▸ EXERCISE PROMPT:
Quote the whole listing word for word. Do not include the pictures.

▸ DATASET RECORDS:
----

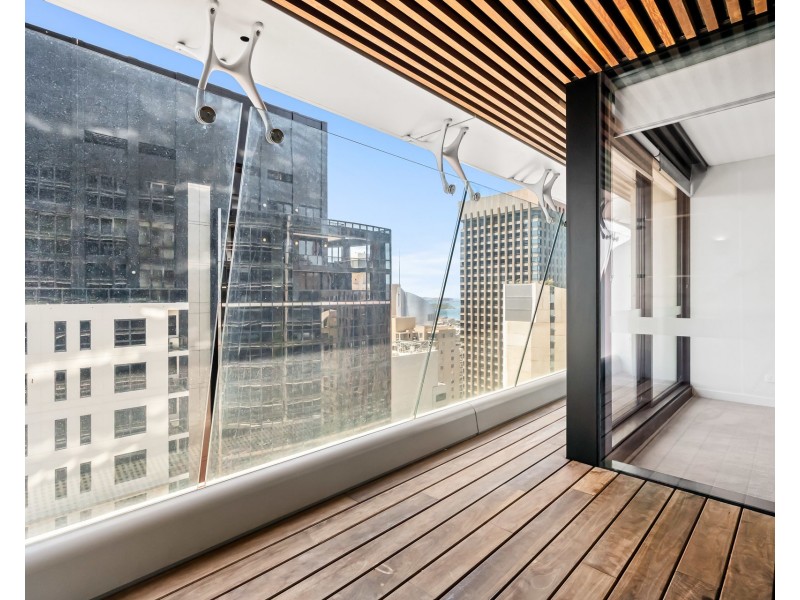 3511/115 Bathurst Street, Sydney NSW 2000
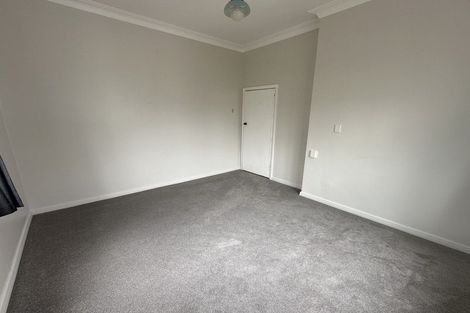 Photo of property in 9 Liverpool Street, Levin, 5510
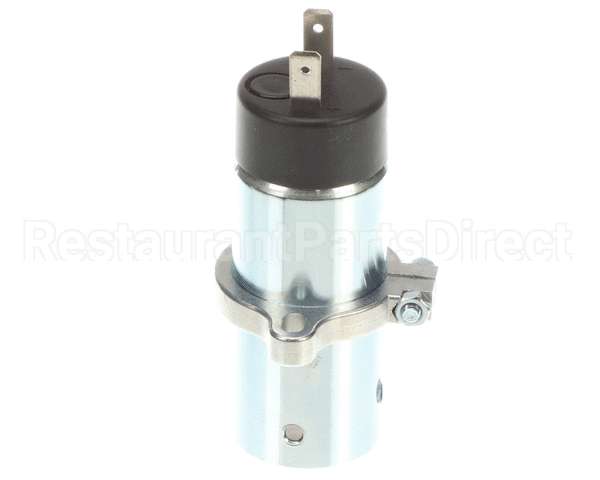 3370072343 Schaerer Pinch Valve 24V Dc 1 Schl. 4.8-7.9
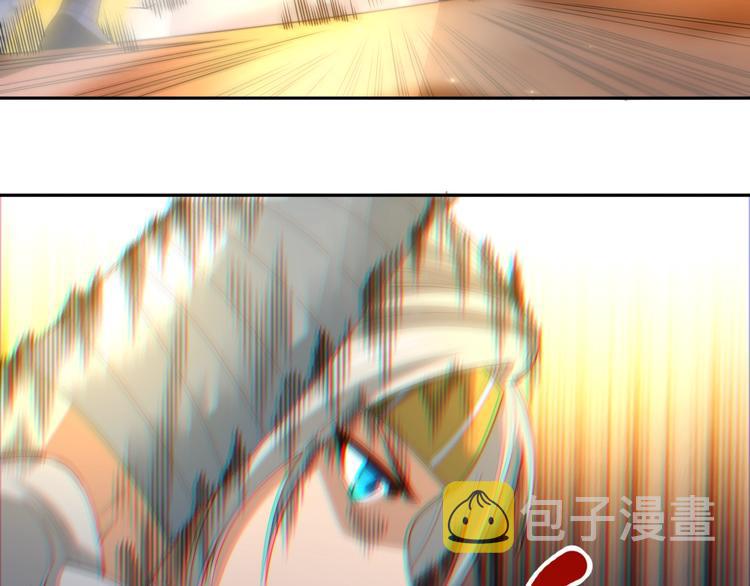 第53话 不动之躯31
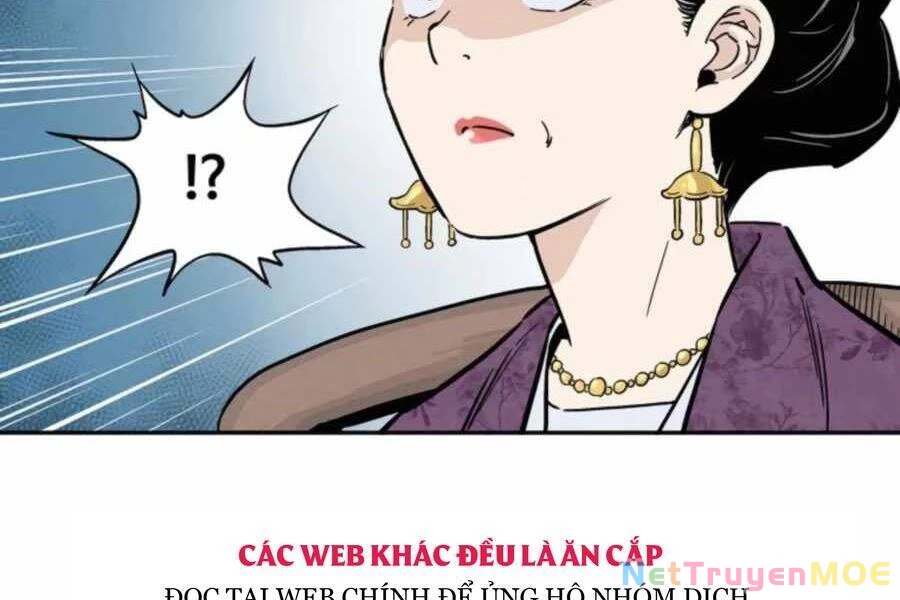 Trọng Sinh Thành Thần Y Thời Tam Quốc Chapter 32 - 97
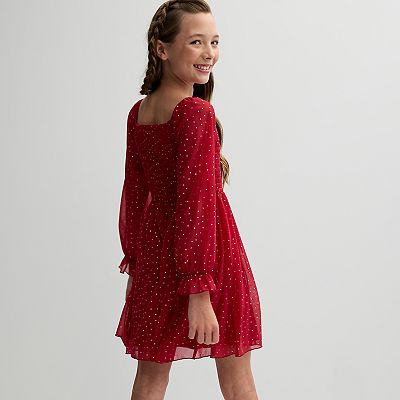 zara festive days purple dress Plus Mesh Glitter See-through -cross Shoulder Wrap Maxi Dress – Passion 4  Fashion USA main image 0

----

▸ EXERCISE RESULT:
 3511/115 Bathurst Street, Sydney NSW 2000
 Photo of property in 9 Liverpool Street, Levin, 5510
 3370072343 Schaerer Pinch Valve 24V Dc 1 Schl. 4.8-7.9
 第53话 不动之躯31
 Trọng Sinh Thành Thần Y Thời Tam Quốc Chapter 32 - 97
 zara festive days purple dress Plus Mesh Glitter See-through -cross Shoulder Wrap Maxi Dress – Passion 4  Fashion USA main image 0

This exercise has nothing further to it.